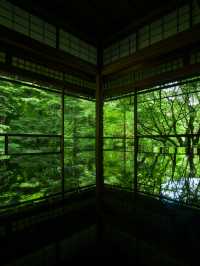 京都 | 有一種綠叫做「京都綠」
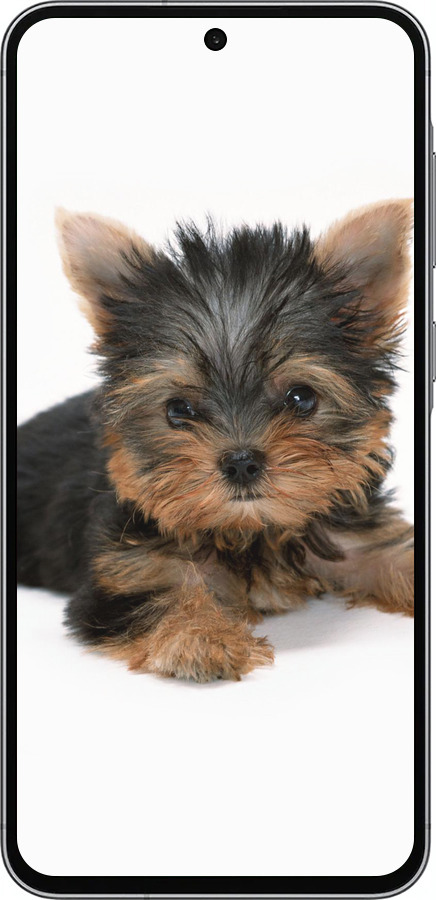 Силиконовый чехол Щенок йоркширского терьера для Samsung Galaxy A56 - 931u-3882 изображение 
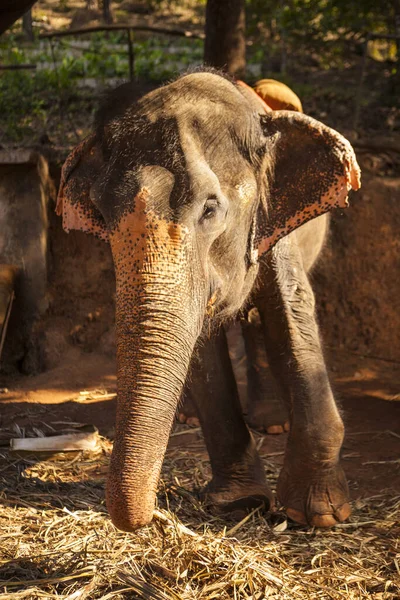 Grande Elefante Indiano Che Mangia Canna Zucchero Una Fattoria India — Foto Stock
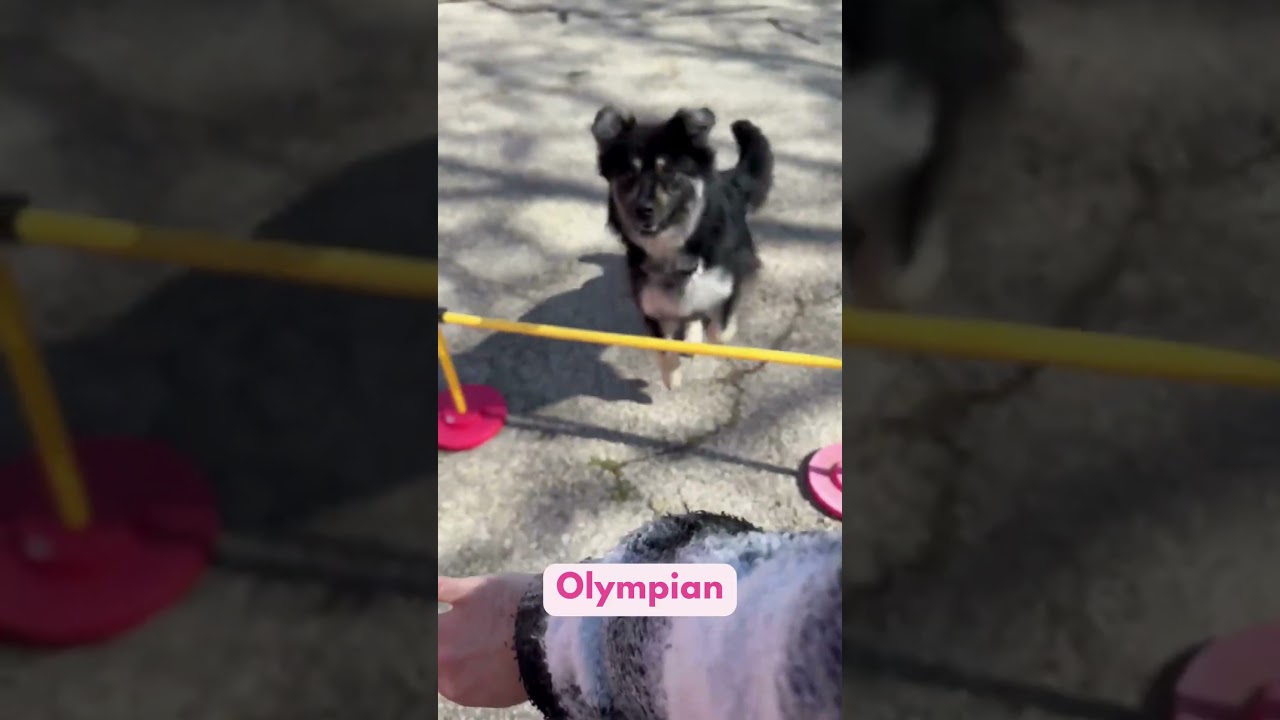 Enlarge ROXI, an adopted mixed breed in Toronto, ON video 4/4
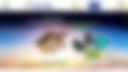 Continental Multi-Hazard Outlook — 2024-01-29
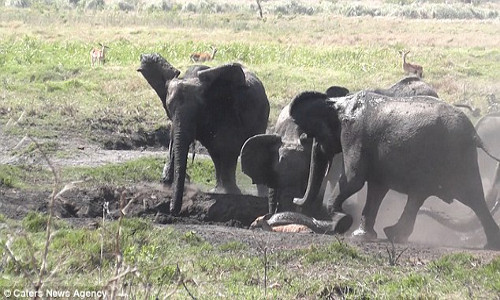 Dan voi cuu con sa lay vo tinh giam chet linh duong-Hinh-4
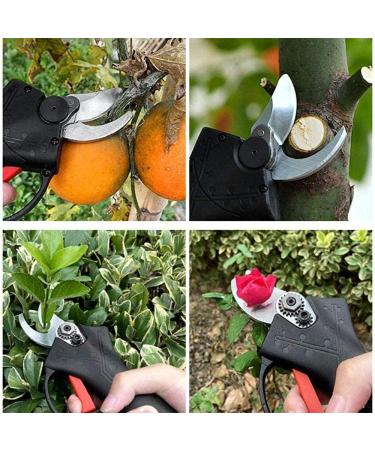 Professional Cordless Electric Pruning Shears 21V Tree Branch Pruner 30Mm Branch Cutter Cordless (2 Batteries) Small Gift - Buy Online on GoSupps.com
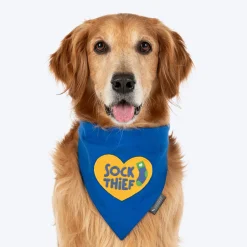 HUFT Socks Thief Bandana For Dog - Blue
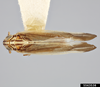 Habitus, dorsal view: !! display not done !! on Nothodelphax slossoni (Ball, 1903): (Observation).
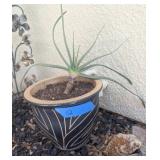 POTTED ALOE PLICATILIS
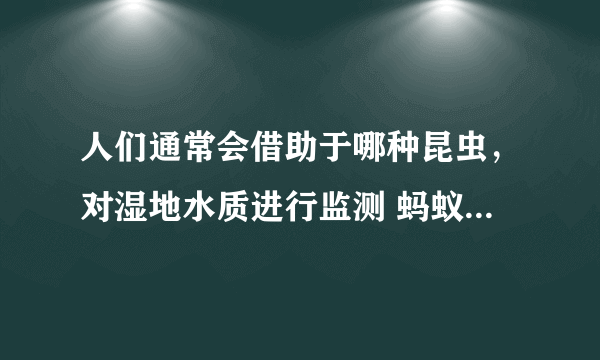 人们通常会借助于哪种昆虫，对湿地水质进行监测 蚂蚁庄园今日答案10月13日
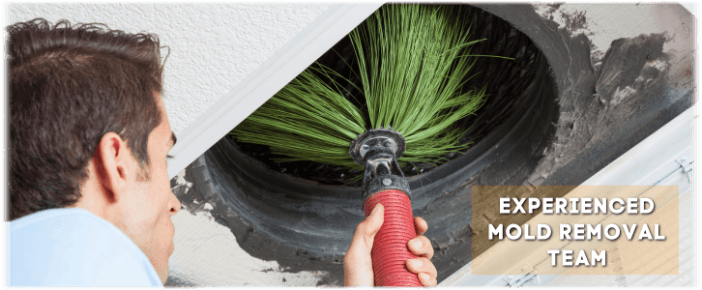 Air Duct Mold Removal in Gaithersburg MD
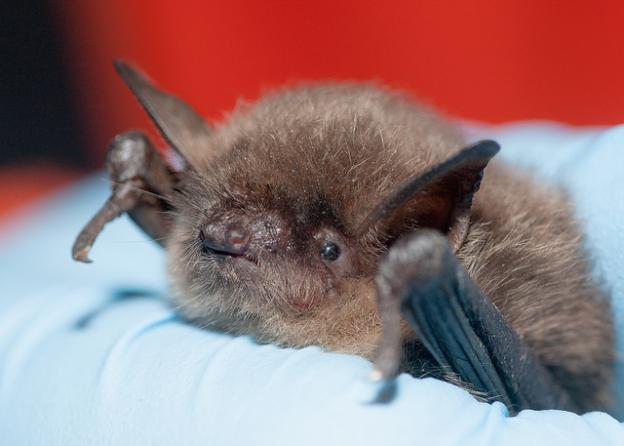 This Yuma myotis is nearly indistinguishable from a California myotis. Only the lack of a keeled calcar can tell otherwise. Photo credit: Daniel Neal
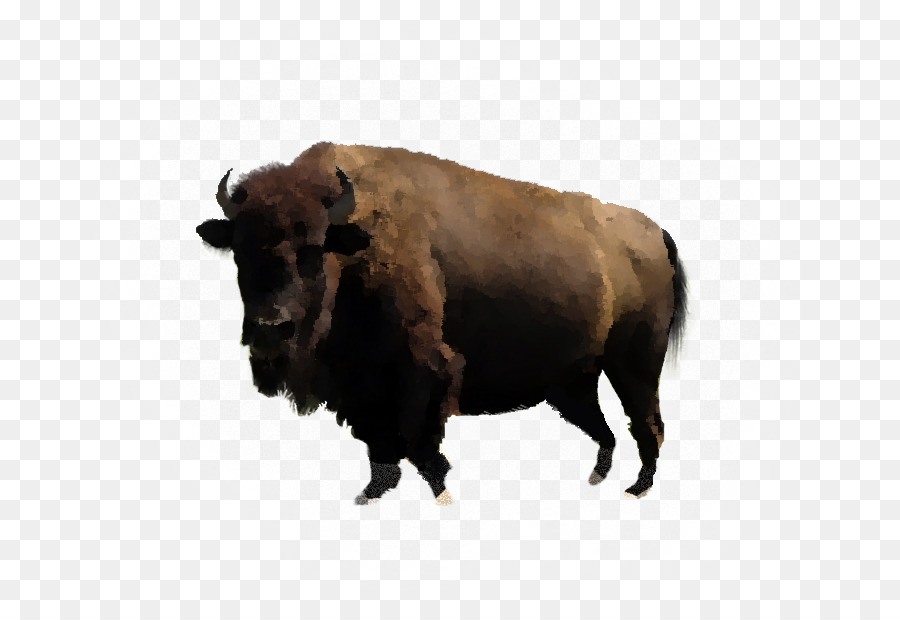 Bison Water buffalo PDF Cattle - bison png download - 757*608 - Free Transparent Bison png Download.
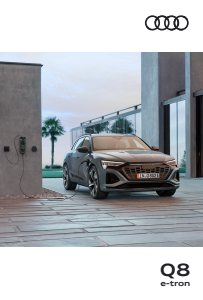 2023 – Q8 e-tron (SG)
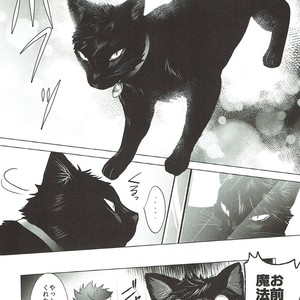 [KUROQUIS (Kuro)] As you Desire – Haikyuu!! dj [JP] – Gay Manga sex 19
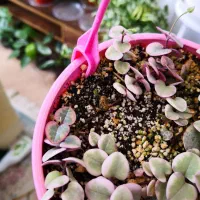 سروپژیا ابلق یا زنجیره قلب ها|گل و گیاه طبیعی|قم, انسجام|دیوار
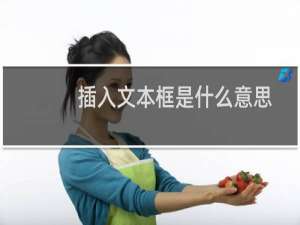 插入文本框是什么意思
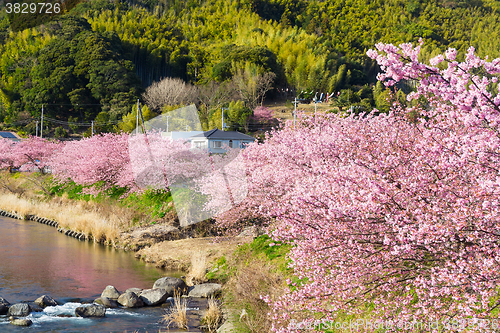 Image of Sakura flower in kawazu city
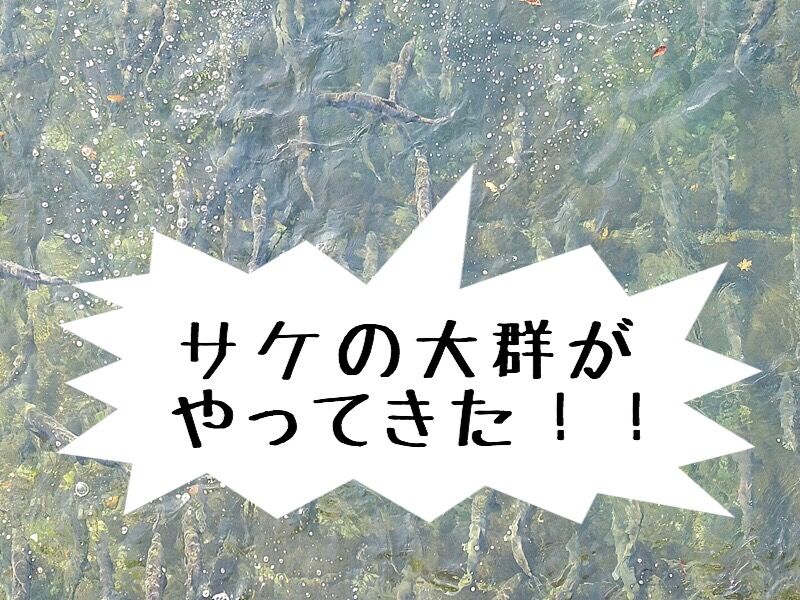 【北海道】「連日サケで川がゴッチャゴチャ…」"秋サケ"の大群に市民もビックリ…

****************************************

* **Activity**
Beginning with the line that contains "Air Duct Mold Removal in Gaithersburg MD", print exactly every line through the end of the records, both included. Omit the pictures.

* **Answer box**
 Air Duct Mold Removal in Gaithersburg MD
 This Yuma myotis is nearly indistinguishable from a California myotis. Only the lack of a keeled calcar can tell otherwise. Photo credit: Daniel Neal
 Bison Water buffalo PDF Cattle - bison png download - 757*608 - Free Transparent Bison png Download.
 2023 – Q8 e-tron (SG)
 [KUROQUIS (Kuro)] As you Desire – Haikyuu!! dj [JP] – Gay Manga sex 19
 سروپژیا ابلق یا زنجیره قلب ها|گل و گیاه طبیعی|قم, انسجام|دیوار
 插入文本框是什么意思
 Image of Sakura flower in kawazu city
 【北海道】「連日サケで川がゴッチャゴチャ…」"秋サケ"の大群に市民もビックリ…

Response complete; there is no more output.